VERSAILLES : La justice française a requis mercredi en appel deux ans de prison avec sursis contre un ancien ministre de la Justice burundais et son épouse, soupçonnés d'esclavage moderne pour avoir exploité un compatriote pendant plusieurs années chez eux en région parisienne.
Le couple avait été condamné en première instance à deux ans de prison avec sursis et 70 000 euros de dommages et intérêts notamment pour « traite d'être humain ».

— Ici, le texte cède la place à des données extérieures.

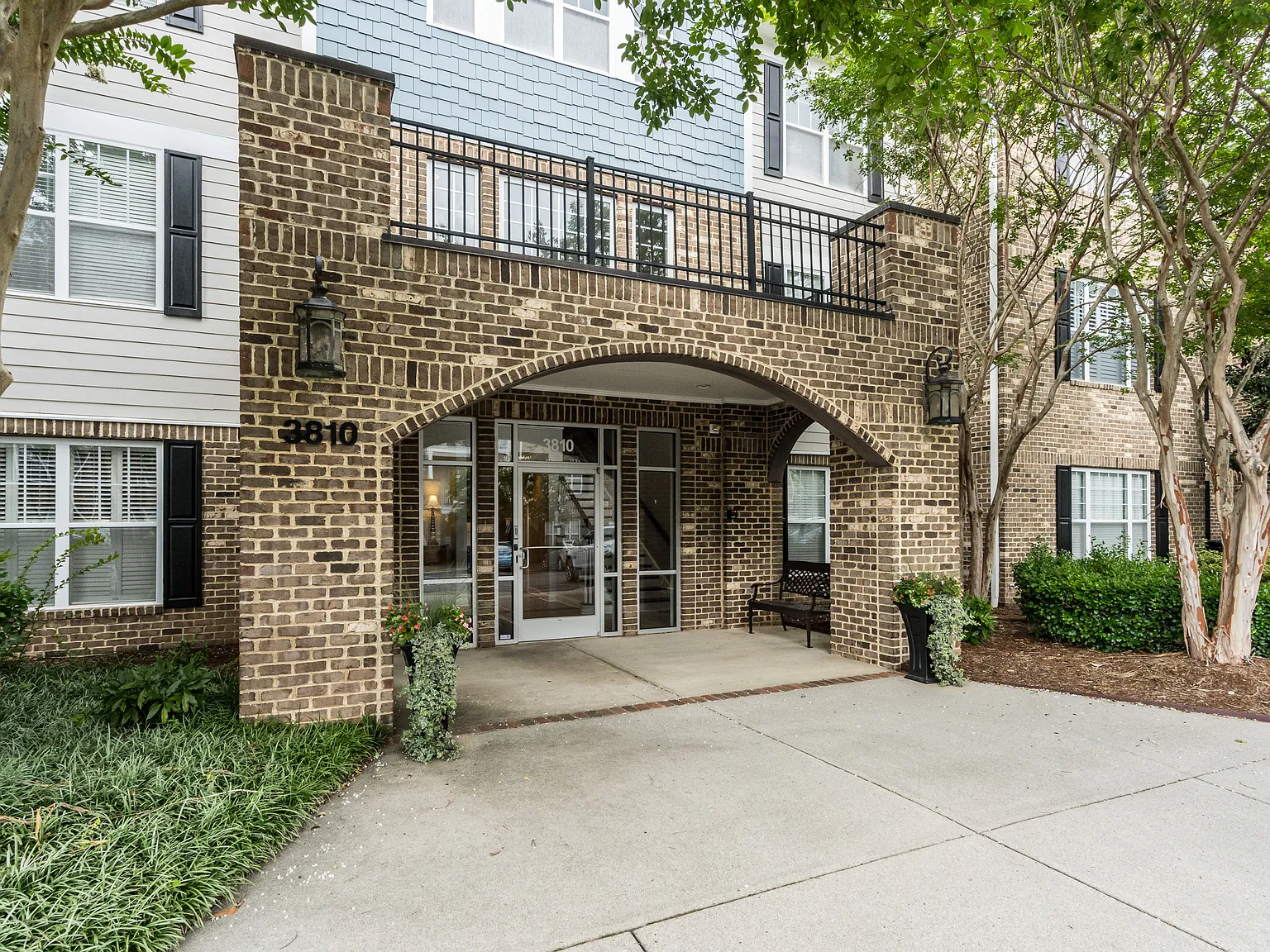 2 bed, 1408 sqft, $1,650 — Photo 2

Méthode S., cultivateur burundais, a expliqué à la cour d'appel de Versailles comment il avait été « forcé » à « travailler dans la peur » pendant dix ans dans la maison du couple, à Ville-d'Avray, au sud-ouest de Paris.
Il s'était retrouvé « coincé » en France après que le couple lui eut confisqué son passeport. Ménage, repassage, jardinage, il écopait de toutes les corvées... « Si je ne le faisais pas, ils ne me donnaient pas à manger », a-t-il soutenu.

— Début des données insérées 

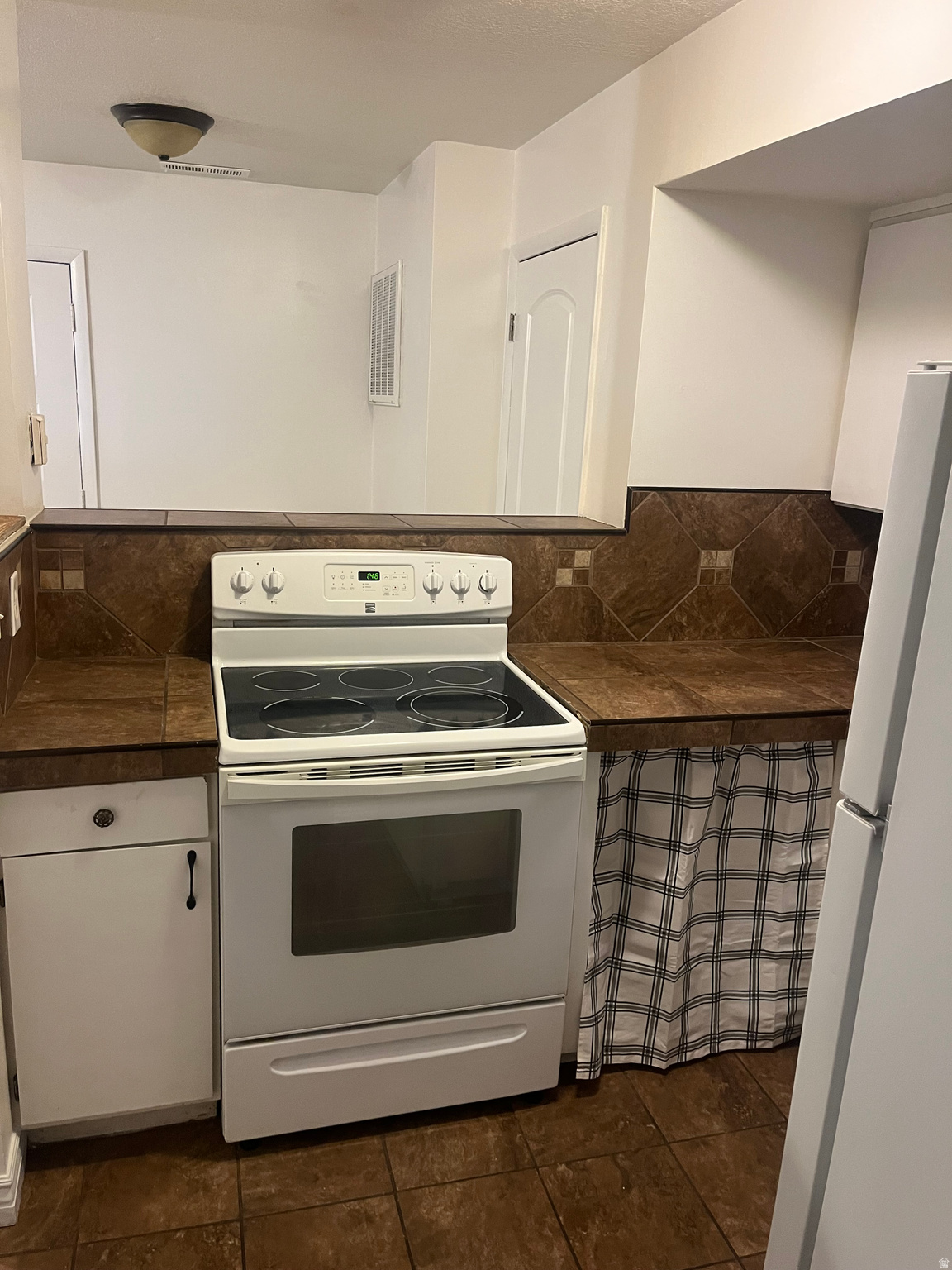 MILLSTONE MANOR - Residential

En 2018, avertis par une commerçante, les forces de l'ordre pénètrent dans la villa de l'ex-ministre et ancien diplomate de l'Unesco Gabriel Mpozagara.
Ils y découvrent un homme « amaigri et manifestement apeuré » au sous-sol, dans une pièce insalubre.
M. Mpozagara a contesté avec véhémence mercredi ces accusations. Il a affirmé que Méthode S. avait dit au couple avoir perdu son passeport. « Il voulait rester en France et a réussi ! », s'est-il exclamé, l'accusant d'avoir « habilement » inventé une situation de vulnérabilité pour obtenir l'asile.
Une procédure visant à réclamer les salaires dus est engagée en parallèle devant les prud'hommes, aucun contrat de travail ni aucune trace tangible de rémunération n'ayant été établis.
Les époux Mpozagara sont également poursuivis pour travail dissimulé et aide à l'entrée et au séjour irréguliers.
Ils avaient déjà été condamnés en 2007 en France mais relaxés en appel dans un dossier similaire qui concernait deux jeunes nièces venues du Burundi.
Ces dernières avaient alors plaidé leur cause auprès de la Cour européenne des droits de l'homme (CEDH), qui a condamné la France en octobre 2012 pour avoir failli dans sa lutte contre le travail forcé.
En 2013, le Parlement français a introduit dans le code pénal le travail forcé, la réduction en servitude et la réduction en esclavage.